The event preceded BEREC’s quarterly Plenary meeting of national regulators at which common regulatory subjects across Europe are discussed. On this occasion, the event was hosted by the national communications regulator of Lithuania, RRT, in Vilnius.
BEREC was joined for the event by several organisations representing European citizens and disabled people, as well as representatives of broadcasters, online service providers and equipment manufacturers, who shared their views and experience.
The Workshop was opened by the BEREC Chair 2016, Wilhelm Eschweiler, who emphasised that the issue of accessibility is recognised and is to be given significant importance in the revised Telecommunications Framework in order to promote equal access to services, culture and information for disabled people. In the context of rapidly moving technological developments it is essential that people with disabilities are able to fully participate in and benefit from such innovation and new services, since digital inclusion is a necessary condition for a digital society.

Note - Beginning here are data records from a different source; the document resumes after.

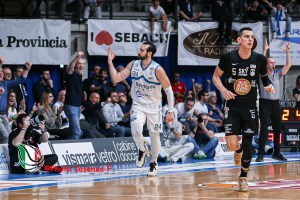 Pallacanestro Cantù, brutte notizie per Riccardo Moraschini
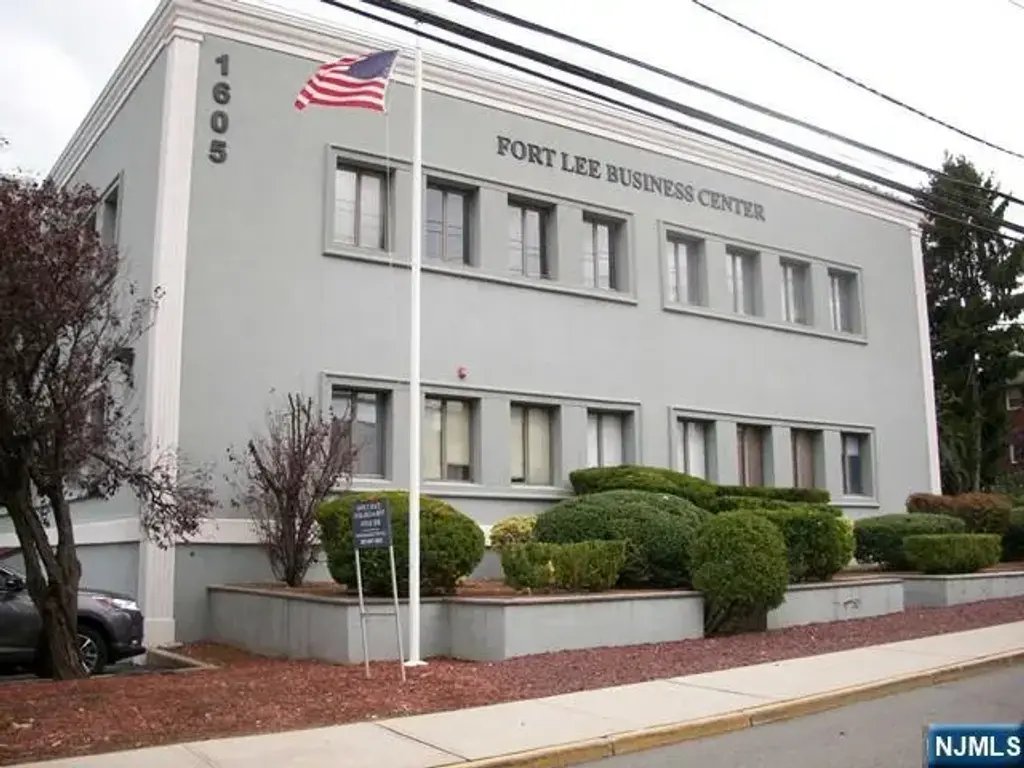 1605 John Street #120, Fort Lee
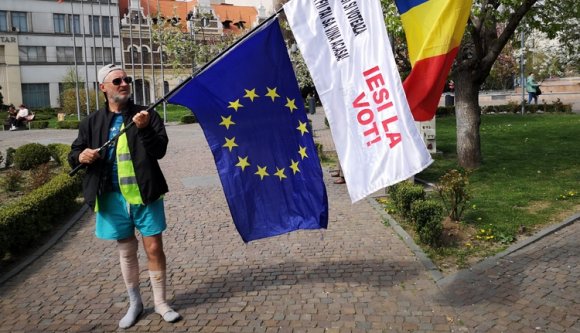 500 km-t gyalogolt Kolozsvárra egy nyugdíjas, hogy mi menjünk el szavazni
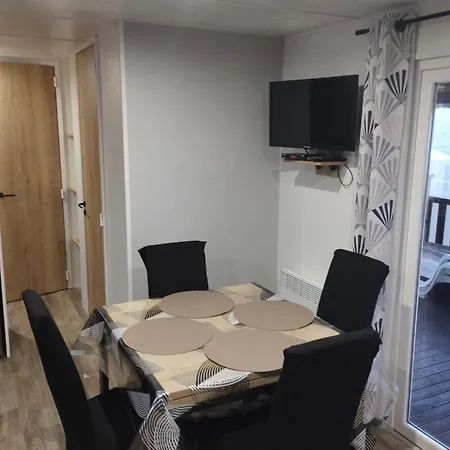 Camping Mobil-home K121 Au Les Charmettes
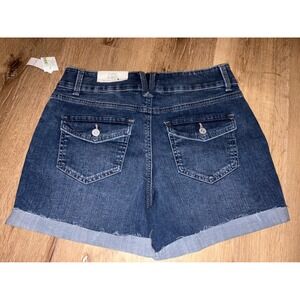 M Jeans by Maurices Womens Size 10 Blue Denim Cuffed Mid Rise Shorts‎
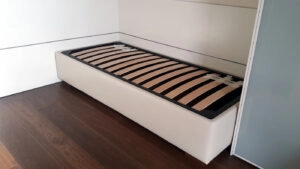 Letto singolo contenitore senza testata in casa del cliente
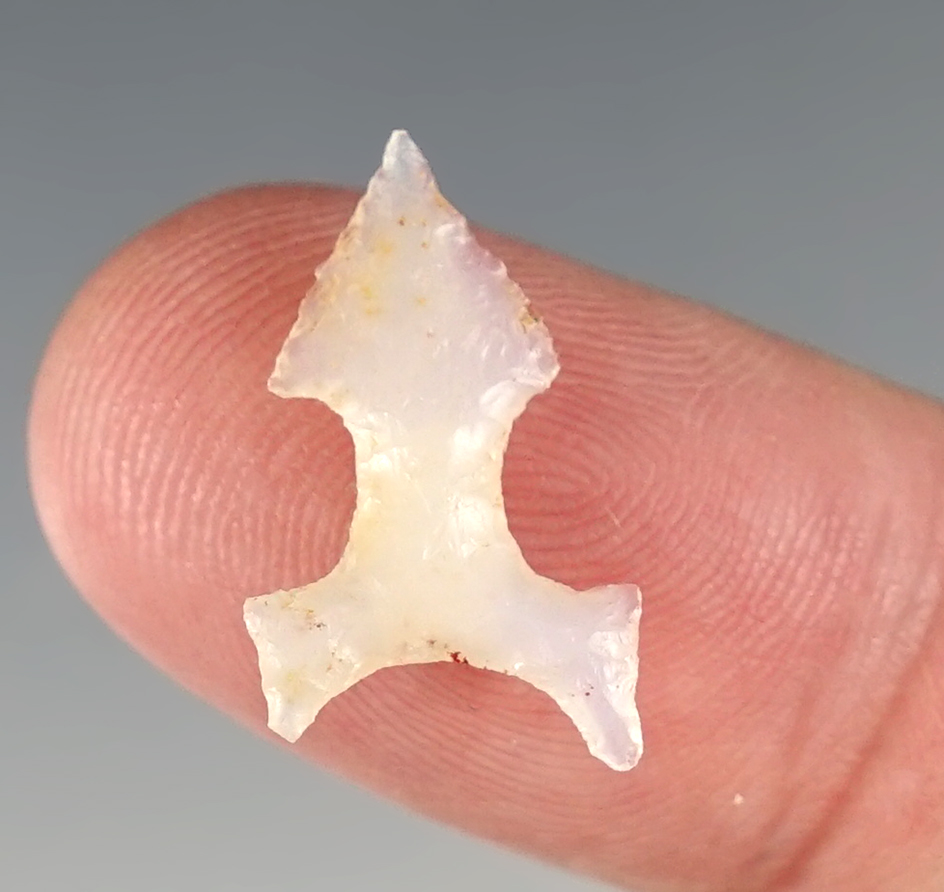 3/4" very uniquely styled Arrow Point - attractive highly translucent agate. New Mexico.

One of the aims of the Workshop was to learn more about the evolving needs and expectations of disabled end-users and the barriers that need to be overcome in order to promote accessibility. The organisations representing end-users, including the Vilnius Multiple Sclerosis Association, the Blind and Partially-Sighted Union of Lithuania and the European Disability Forum provided their insights on these issues. For instance, they explained the wide range of ways in which people may have difficulties using communications services. Based on this, it is important to recognise that solutions should be flexible, rather than attempting to impose a ‘one size fits all’ approach. They also pointed out that, whilst technological development can bring new opportunities, there is also a risk it can raise new barriers. To avoid this, the needs of disabled end-users should be considered when designing new products and services.

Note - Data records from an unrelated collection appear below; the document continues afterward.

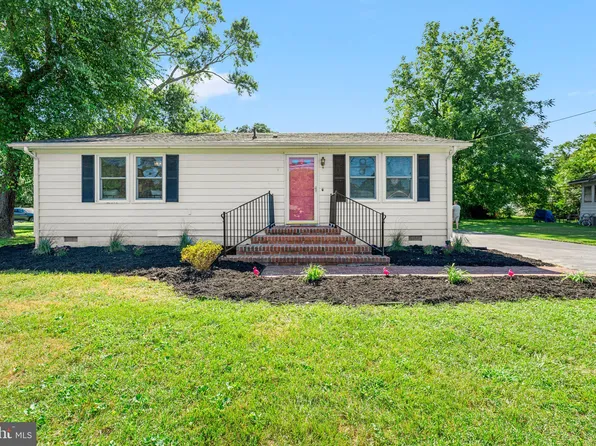 314 E Church St, Kilmarnock, VA 22482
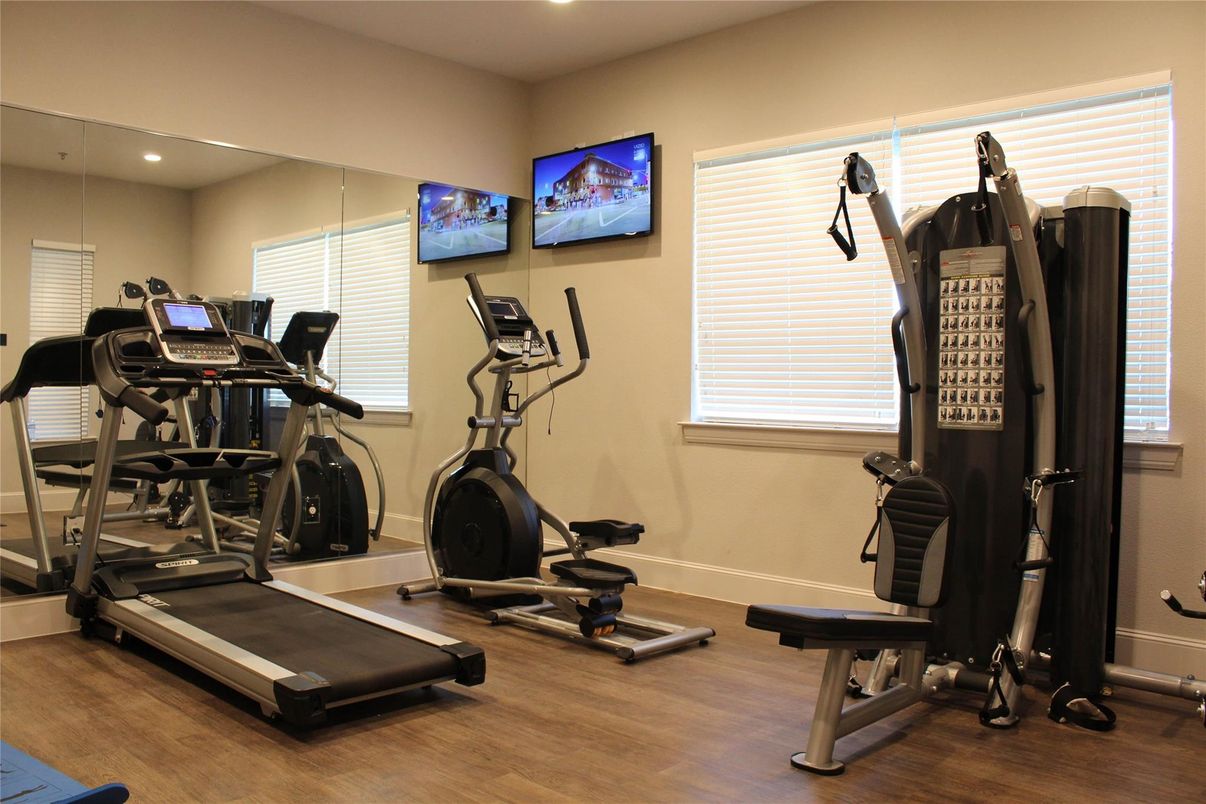 Fitness Equipment, Interior, Recessed Lighting, Wood Texture Flooring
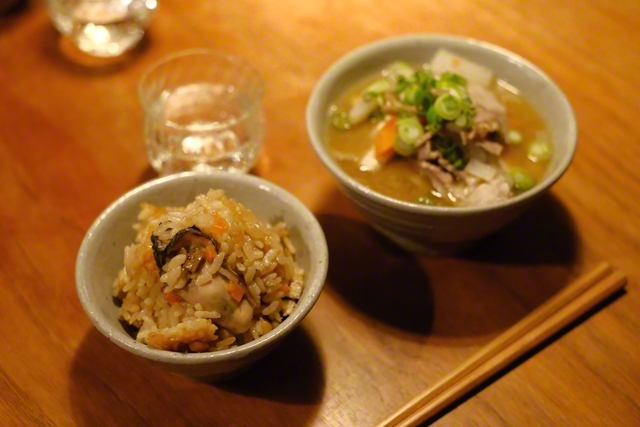 山口さんのある日の夕食。牡蠣飯と豚汁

Representatives from the broadcasting sector also offered their perspectives. They discussed the ways in which they had promoted accessibility within the services they offer, such as through the provision of subtitling, audio description, sign language and accessible electronic programme guides. They noted the steady progress in this regard under the Audiovisual Media Services Directive (AVMS Directive), which is currently under review by the European legislator, based on the proposal of the European Commission.
There was also discussion of the potential removal of the accessibility provisions under the AVMS Directive, whilst instead including the audio-visual sector in the wider European Accessibility Act (EAA). Some were concerned that this could lead to the loss of a sector-specific approach, being detrimental to both broadcasters and end-users.

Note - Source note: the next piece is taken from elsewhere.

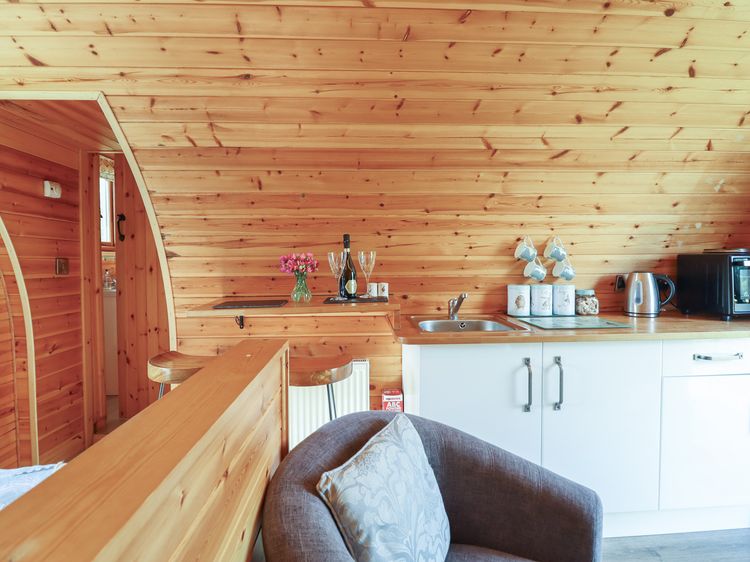 Embden Pod at Banwy Glamping, listing photograph 12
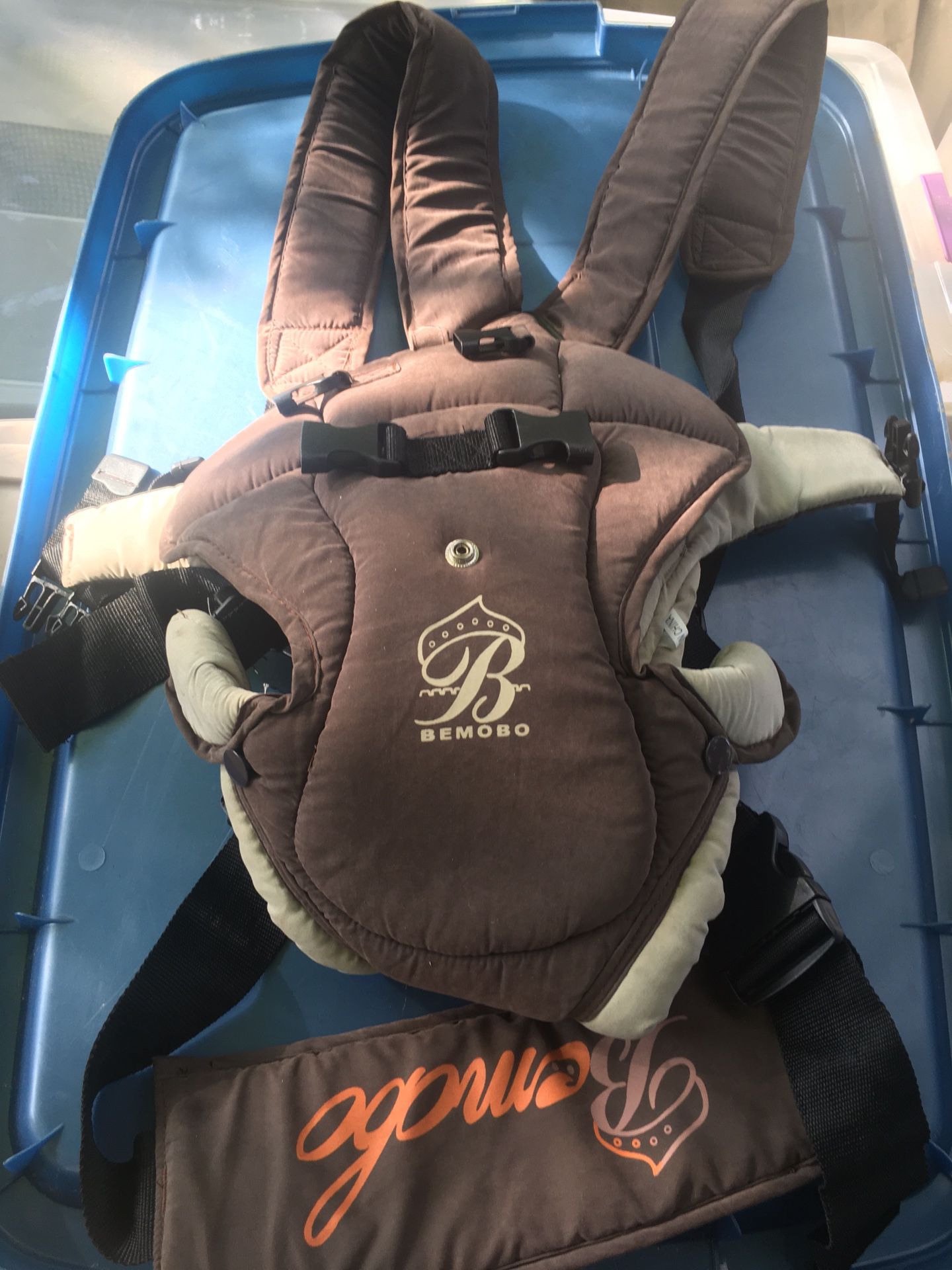 Lnew Baby body harness carrier only $35 firm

They also noted how provision of accessible services by many broadcasters had gone even further than the levels prescribed in regulation, due to the promotion of brand values and competition. However, there was also discussion about the importance of maintaining proportionate regulation.
Among the other discussions at the Workshop was the potential of new technology and technological convergence. For instance, several of the participants had experience of Hybrid Broadcast Broadband TV (HBBTV), including the promotion of accessibility through HBB4all. HBBTV, an open platform, allows broadcast TV to be combined with online content through a single user interface.
BEREC also heard from representatives of equipment manufacturers and online service providers. For instance, there were presentations about the capabilities of televisions, including their customisable accessibility features. BEREC was also informed about object recognition technology that is being used to provide blind and partially-sighted people with a description of a photo, which may help to promote greater inclusion and interaction.
A common theme throughout the Workshop was the importance of standardisation in promoting an integrated approach to accessibility. In this regard, the World Wide Web Consortium (W3C) discussed their Web Accessibility Initiative (WAI), which develops strategies, guidelines, and resources to help make the Web accessible to people with disabilities. In particular, it highlighted four important principles for web accessibility: that content is Perceivable, Understandable, Operable and Robust.
Last but not least, a number of national regulators offered their views, explaining the ways in which accessibility has been promoted across Europe. They discussed the goals of equivalent access and choice for disabled end-users of electronic communications services, whilst ensuring that obligations placed on service providers are proportionate and evaluating the socio-economic impact of accessibility measures. They also noted the potentially complex interaction of regulation and innovation and how regulation should incentivise, not impede innovation. This is particularly important in the context of technological development that has the potential to facilitate greater accessibility for disabled end-users.